Dean was hired by the city of Bainbridge Island to investigate a broad litany of accusations made against the chief by the Bainbridge Island Police Guild after the union took a vote of "no confidence" in Fehlman in June.
Members of the union accused Fehlman of malfeasance, and claimed he had violated police department and city policies and state and federal laws.
The city hired Dean, an attorney who specializes in independent investigations on employment and workplace issues, for $240 an hour in late June.
According to the first billing invoice submitted by Dean, she charged the city $17,993 on Aug. 1 for work done on the investigation through July 31.
Another bill was submitted Sept. 1. Though the investigation invoice details more than 55 hours of work through Aug. 31, which totaled an additional $13,404 in charges, Dean billed the city for just $7,006.
Dean had previously agreed to charge the city not more than $25,000 for her final written report and exhibits. The first bill and the second discounted bill total $25,000.
All told, the investigation took 130 hours. The probe would have cost more than $31,000, however, if Dean had billed the city for all the hours she had worked on the case.
According to Dean's most recent invoice, she spent much of early August preparing for an interview with Fehlman to talk about the guild's allegations.
Dean interviewed Fehlman on Aug. 14, and her work on the case that day stretched for more than three hours.
Dean began drafting her report for the city before she interviewed Fehlman Aug. 14, billing records show.
Records also indicate that Dean interviewed Bainbridge Detective Trevor Ziemba shortly after she talked with Fehlman, and also tried to contact former city manager Brenda Bauer. Dean's invoices also indicate the investigator tried to interview former city manager Mark Dombroski.
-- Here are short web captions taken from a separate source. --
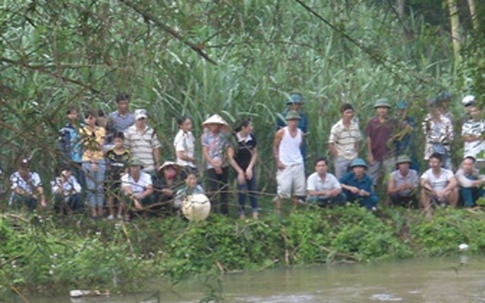 Tân sinh viên chết đuối thương tâm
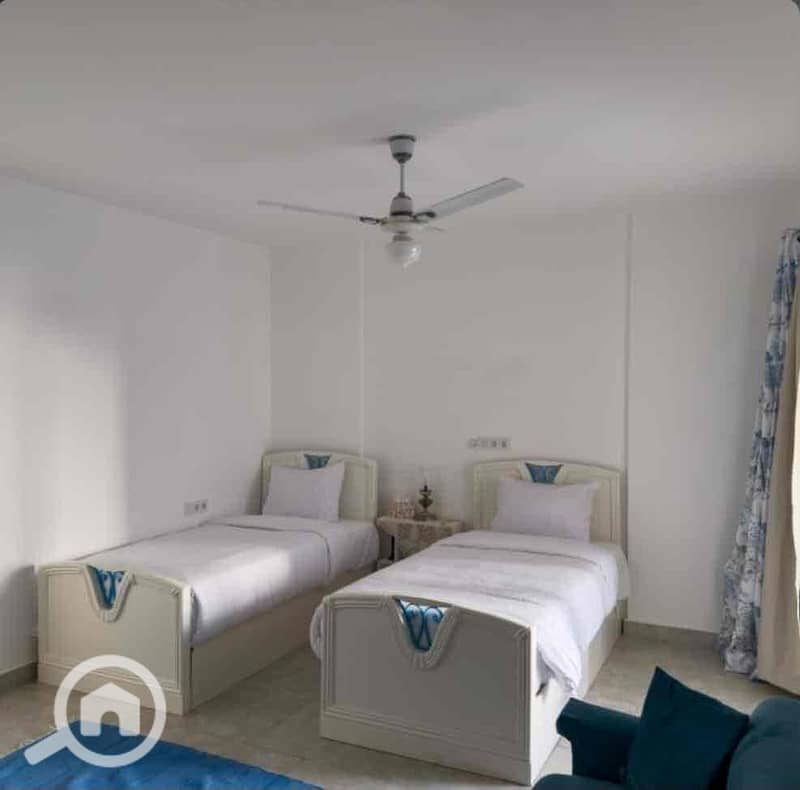 8 075f998e-4de6-4c96-b41e-893c28f332f8. jpg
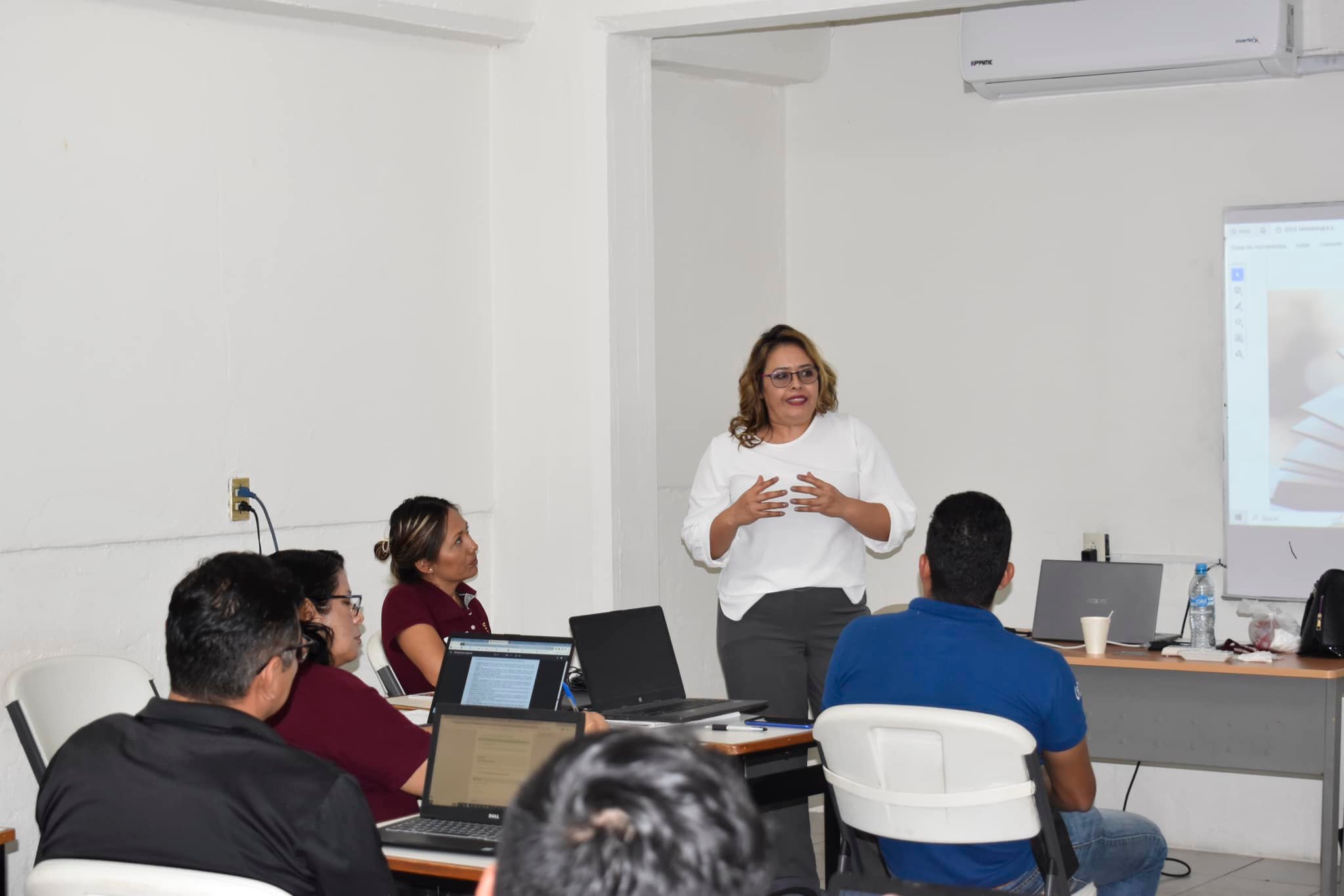 Curso taller: Metodología para la didáctica basada en proyectos, por Mtra. Graciela Santos Morales.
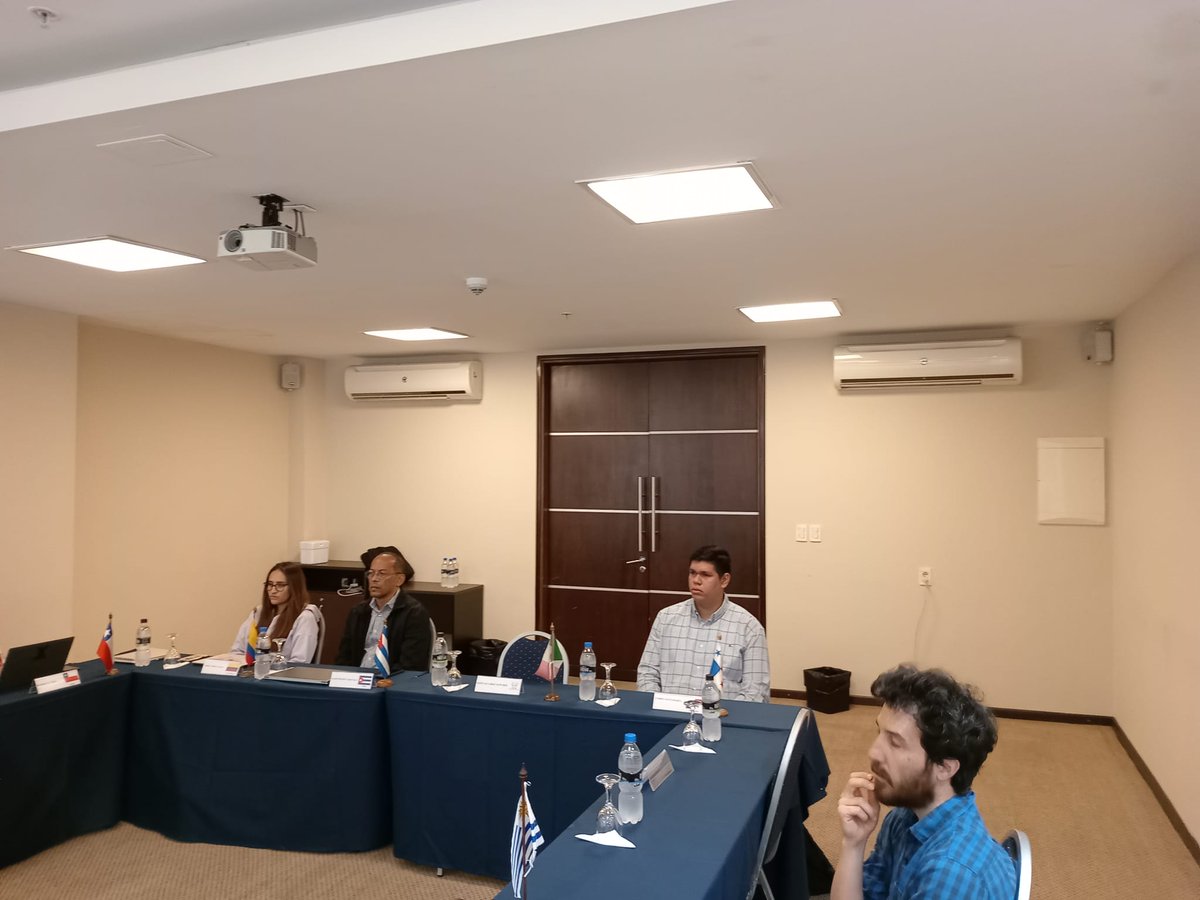 CEAC_Cuba's tweet photo. #CEAC 🇨🇺 participa en reunión regional del #OIEA sobre monitoreo satelital de clorofila-a en Montevideo 🇺🇾, fortaleciendo capacidades para la gestión sostenible de ecosistemas marinos. #Cuba avanza con Clorofila_SAT y su contribución al #ODS14 
#CITMA #AENTA https://t.co/AkXRfCcQAg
Billing records show that Dean spent some of her time during the investigation talking with members of the police guild, including officers who had been disciplined by the department's leadership. Those officers included Scott Weiss, the former president of the guild who was suspended after an investigation revealed he was involved in surveillance of a city council member following a council meeting in October 2010; Lt. Phil Hawkins, who was reprimanded July 30 by Interim Public Safety Director Larry Dickerson for sleeping while on duty during a late shift in January; and Lt. Denise Giuntoli, vice president of the guild, who was disciplined for not reporting the incident involving Hawkins after she had been told about it by others on the police force.
Billing records also show that Dean continued to revise her report, including work to incorporate late-arriving documents and information, just days before she presented the report to Interim City Manager Morgan Smith.
The report does not cover all of the allegations made by Bainbridge officers against their chief, as the city scaled back the focus of the investigation shortly after it began.
Public records obtained by the Review show that Smith asked Dean to not investigate claims that Fehlman allegedly gave false testimony during the Ostling civil rights case.
In the Ostling case, a federal jury found the city liable in the October 2010 police shooting death of a mentally ill man after officers responded to a 911 call at the Ostling family home. The family's lawsuit resulted in a $1 million judgement against the city, though the city's attorneys have said the judgement was flawed and have asked for a new trial.
The Fehlman investigation also did not address allegations made by union officials that were based purely on policy, including Fehlman's management of the police department.
The city is planning to release the report this week. The report is not expected to exceed 15 pages.